On the Hardness of the Drone Delivery Problem
Simon Bartlmae, Andreas Hene, Kelin Luo
TL;DR
This work analyzes the computational complexity of the Drone Delivery Problem (DDT) under restricted movement models. It proves NP-hardness for DDT-Line even when agents have only two speeds and initial positions are fixed, via a Partition-based reduction that ties delivery time to a exact partition sum. It also establishes strong inapproximability for DDT-GridR without initial positions on unit grids with rectangular movement areas, via a 2P1N-3SAT-based reduction, while offering a straightforward $O(n)$-time greedy approximation. The results sharpen the boundary between tractable and intractable collaborative routing problems and show that even simplified geometric settings with limited speed diversity resist efficient approximation, though practical greedy strategies remain viable in the grid setting. These insights inform design principles for multi-agent delivery systems operating under restricted movement licenses and speed classes, emphasizing careful instance-structure considerations when evaluating routing algorithms.
Abstract
Fast shipping and efficient routing are key problems of modern logistics. Building on previous studies that address package delivery from a source node to a destination within a graph using multiple agents (such as vehicles, drones, and ships), we investigate the complexity of this problem in specialized graphs and with restricted agent types, both with and without predefined initial positions. Particularly, in this paper, we aim to minimize the delivery time for delivering a package.
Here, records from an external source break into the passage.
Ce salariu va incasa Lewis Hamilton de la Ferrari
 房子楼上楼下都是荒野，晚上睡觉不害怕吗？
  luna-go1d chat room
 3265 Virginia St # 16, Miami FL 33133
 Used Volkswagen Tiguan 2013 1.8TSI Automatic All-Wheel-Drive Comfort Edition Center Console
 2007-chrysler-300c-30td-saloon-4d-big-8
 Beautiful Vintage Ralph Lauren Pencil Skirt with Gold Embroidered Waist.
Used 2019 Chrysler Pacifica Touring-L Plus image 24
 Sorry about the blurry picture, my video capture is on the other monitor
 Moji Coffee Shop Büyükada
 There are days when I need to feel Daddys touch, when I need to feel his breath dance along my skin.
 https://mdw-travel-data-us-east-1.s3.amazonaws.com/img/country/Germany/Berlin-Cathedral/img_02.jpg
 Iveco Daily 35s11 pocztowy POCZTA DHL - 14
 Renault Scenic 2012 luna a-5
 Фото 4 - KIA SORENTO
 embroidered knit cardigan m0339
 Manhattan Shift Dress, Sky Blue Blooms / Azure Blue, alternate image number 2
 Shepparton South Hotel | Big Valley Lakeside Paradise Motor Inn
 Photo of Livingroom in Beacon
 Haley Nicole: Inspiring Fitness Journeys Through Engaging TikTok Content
To achieve this, we utilize a set of collaborative agents, each capable of traversing a specific subset of the graph and operating at varying speeds. This challenge is encapsulated in the recently introduced Drone Delivery Problem with respect to delivery time (DDT). In this work, we show that the DDT with predefined initial positions on a line is NP-hard, even when considering only agents with two distinct speeds. This refines the results presented by Erlebach, et al.[10], who demonstrated the NP-hardness of DDT on a line with agents of arbitrary speeds. Additionally, we examine DDT in grid graphs without predefined initial positions, where each drone can freely choose its starting position. We show that the problem is NP-hard to approximate within a factor of $O(n^{1-\varepsilon}$), where $n$ is the size of the grid, even when all agents are restricted to two different speeds as well as rectangular movement areas. We conclude by providing an easy $O(n)$ approximation algorithm.